Under the preliminary injunction granted by U.S. District Senior Judge Beryl A. Howell, immigration agents can only arrest a person in the district without a warrant if they can establish that the individual is in the United States unlawfully and poses a flight risk before a warrant can be obtained from an authority.
Advocates who brought the suit had said they believed Latinos were being targeted for arrests in the district, even those with legal status.
“Consequently, viewing all immigrants potentially subject to removal as criminals is, as a legal matter, plain wrong,” wrote Howell, who was nominated by former President Barack Obama.
Howell noted Trump administration officials’ public comments on the need to meet immigration arrest quotas, rather than focusing on targeted enforcement and probable cause.
“Here, ‘the record’ as a whole ‘leaves no doubt’ that defendants in practice have consummated a decisionmaking process that resulted in the implementation of a new policy of conducting warrantless civil immigration arrests based on a lower standard than probable cause,” according to Howell’s order.
National Guard presence
The suit stems from President Donald Trump’s August emergency declaration in the district that flooded the 68-square-mile capital with federal law enforcement and National Guard troops.
As a result, there has been an uptick in aggressive immigration enforcement by federal officers, both in plain clothes and masked, in neighborhoods with high immigrant populations.

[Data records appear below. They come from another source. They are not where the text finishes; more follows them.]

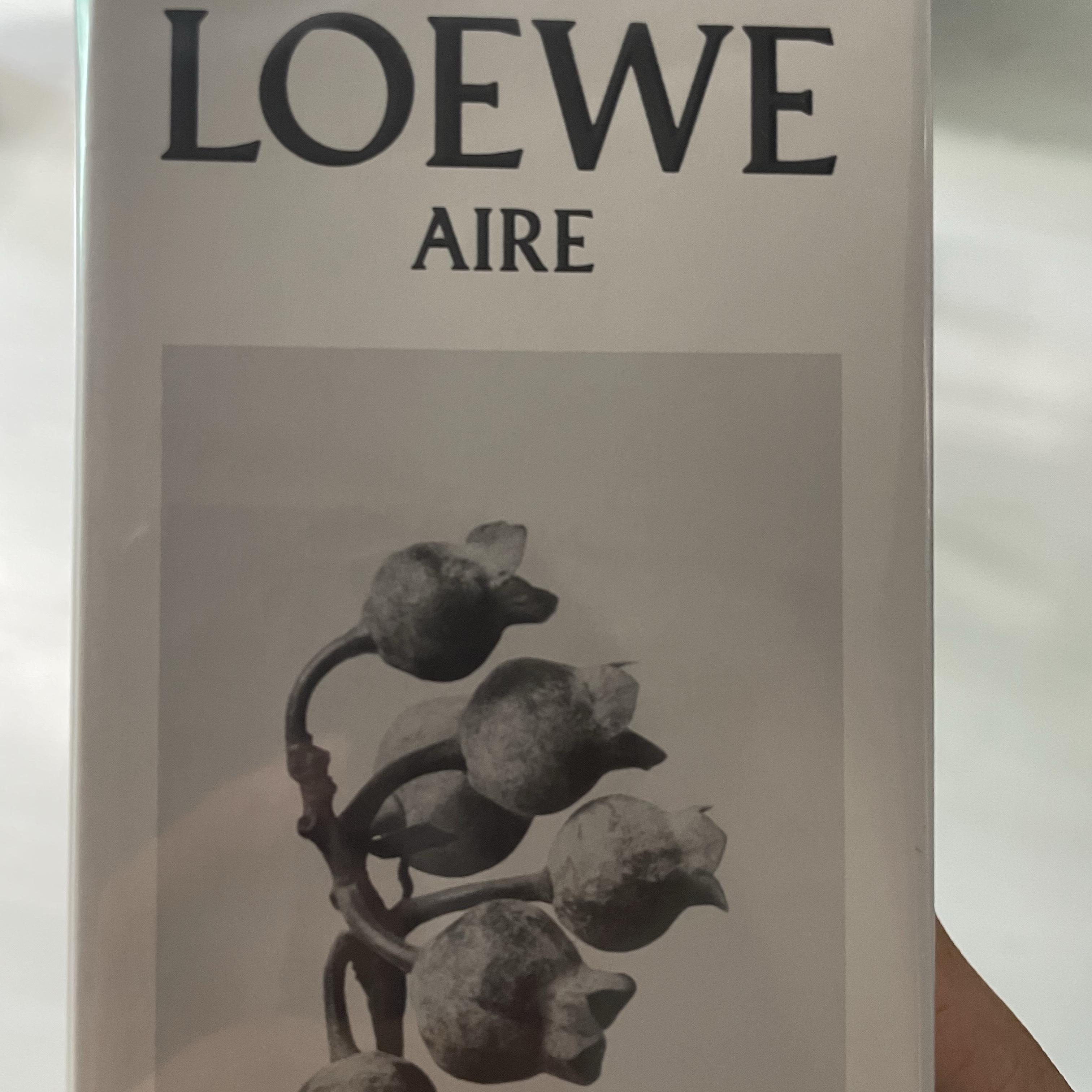 Loewe Aire Sutileza Eau de Toilette 50ml 착용 스타일 - 1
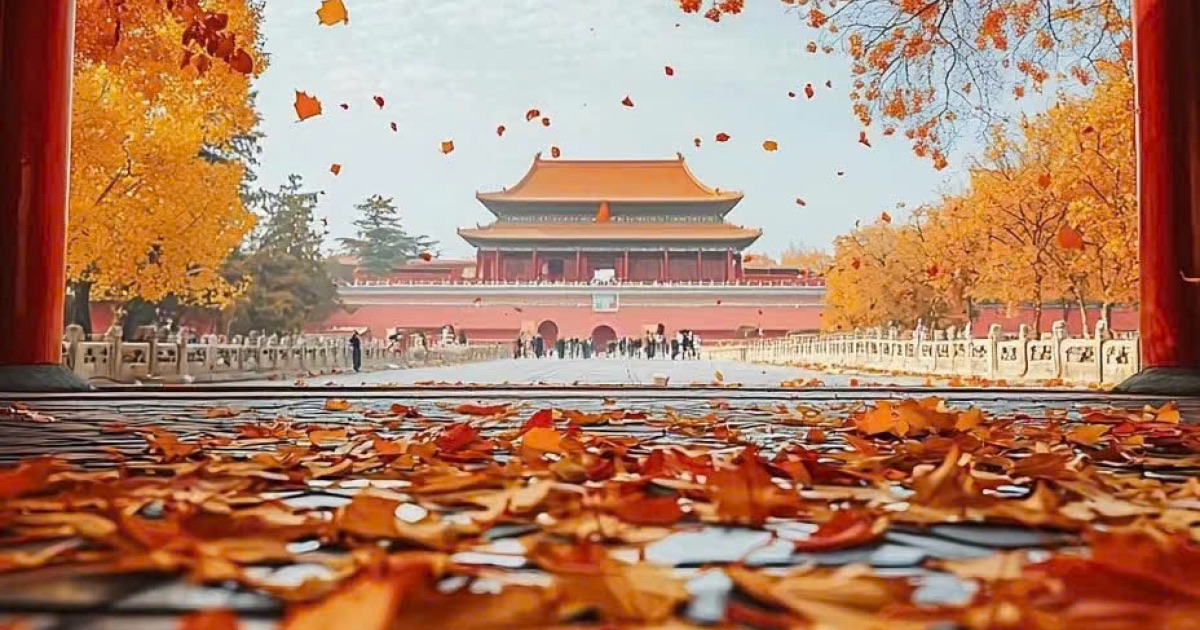 Mùa thu nhẹ nhàng ở Bắc Kinh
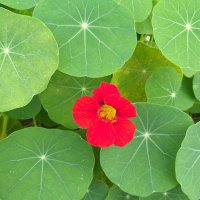 H KUMAR ЁЯОЙЁЯТРтЭдя╕П (@i_m_h_kumar) 's Twitter Profile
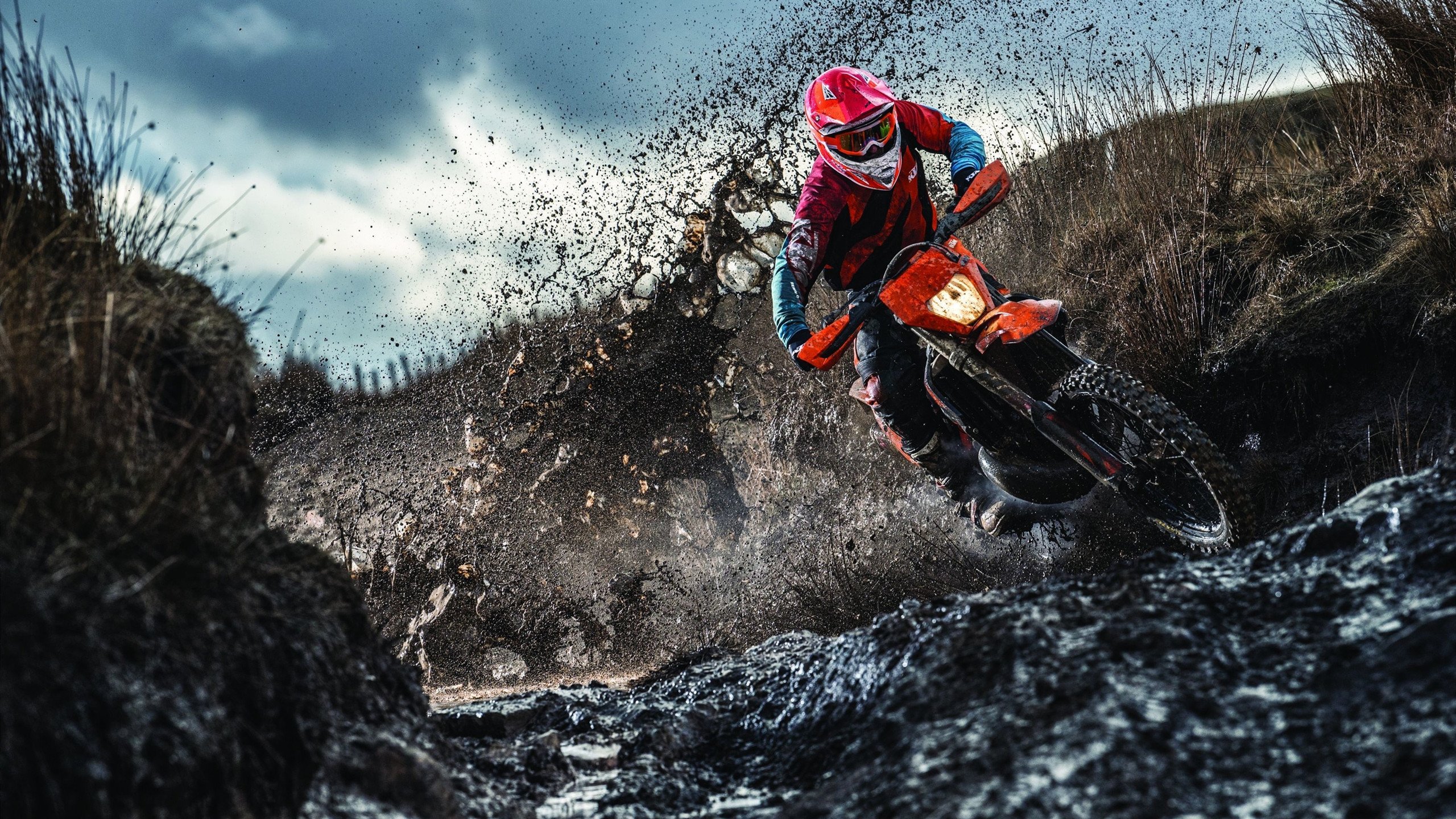 哈斯车队碾压索伯车队，诺里斯如何扛起全队，改写F1中游格局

The four individual plaintiffs in the case are all immigrants with some form of legal status, such as a pending asylum case or temporary protections. But all were arrested and detained by federal officers, sometimes for days.
In statements to the court, they described feeling like they were being kidnapped and argued they were targeted because of their ethnicity. They said they feared they will continue to be targeted because they are Latino.
The legal organizations representing the plaintiffs pushed for two class certifications, which means others who were affected would be represented in the suit.
Howell said in her order that she would make a determination on those two class certifications at a later time.
ACLU, others praise preliminary injunction
Legal groups representing the plaintiffs celebrated the preliminary injunction.
“Despite the Trump administration’s attempts at fear and intimidation, everyone in D.C. has rights, regardless of who they are and their immigration status; and all federal agents are required by law to respect these rights,” according to a joint statement from the legal groups who brought the suit against the federal government.
Those legal groups included the American Civil Liberties Union of the District of Columbia; the American Civil Liberties Union; Amica Center for Immigrant Rights; CASA; National Immigration Project; the Washington Lawyers’ Committee for Civil Rights and Urban Affairs; and the law firm of Covington & Burling LLP.